Further, the Director of Center for Indigenous and Cultural Psychology of UGM said that the weak character to build the nation seriously is influenced by the Dutch colonial rule for 350 years. In the Dutch colonial period, Indonesian people became slave society. Slave has a number of specific characters such as taking action if being asked and divisive nature. "I believe that colonized mental character happens to our nation, it is called mental remodeling save. That is why the Indonesian people are very inferior, easy to become flatterers and not proactive," she explained.
Meanwhile, a Cultural Anthropologist of Faculty of Cultural Sciences UGM, Prof. Heddy Shri Ahimsa Putra, M.A. M. Phil.
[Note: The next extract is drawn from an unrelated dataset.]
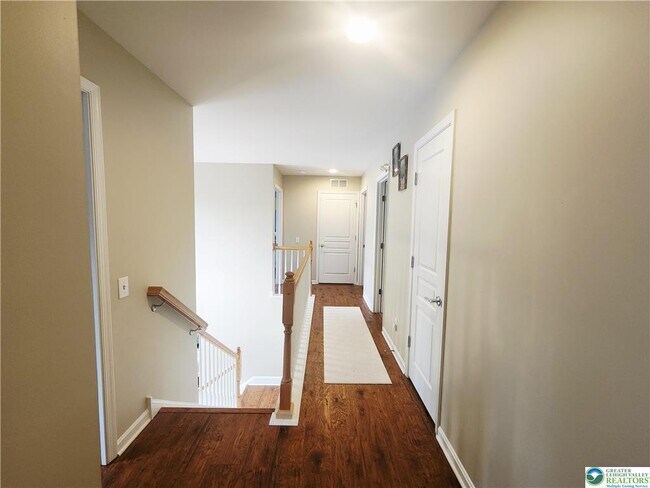 Building Photo - 8858 Pathfinder Rd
Ph.D, on the occasion mentioned the need to revise view of culture and its elements. The current view revealed by Koentjaraningrat about seven elements of universal culture is still less detailed because they cannot cover all elements of the existing culture and confuse thoughts. "Culture has three states namely material form, behaviors, and ideas," he said.
According to Heddy, deeper study is necessary on elements of culture that the number can be fixedly determined. These elements should be able to cover all cultural syndromes that exist in society. In addition, the sub-elements have to be specified and known first in order to develop, modify/ fix an element more easily. "A culture needs to be specified into at least 10 elements that a variety of cultural available phenomena can be covered," he said.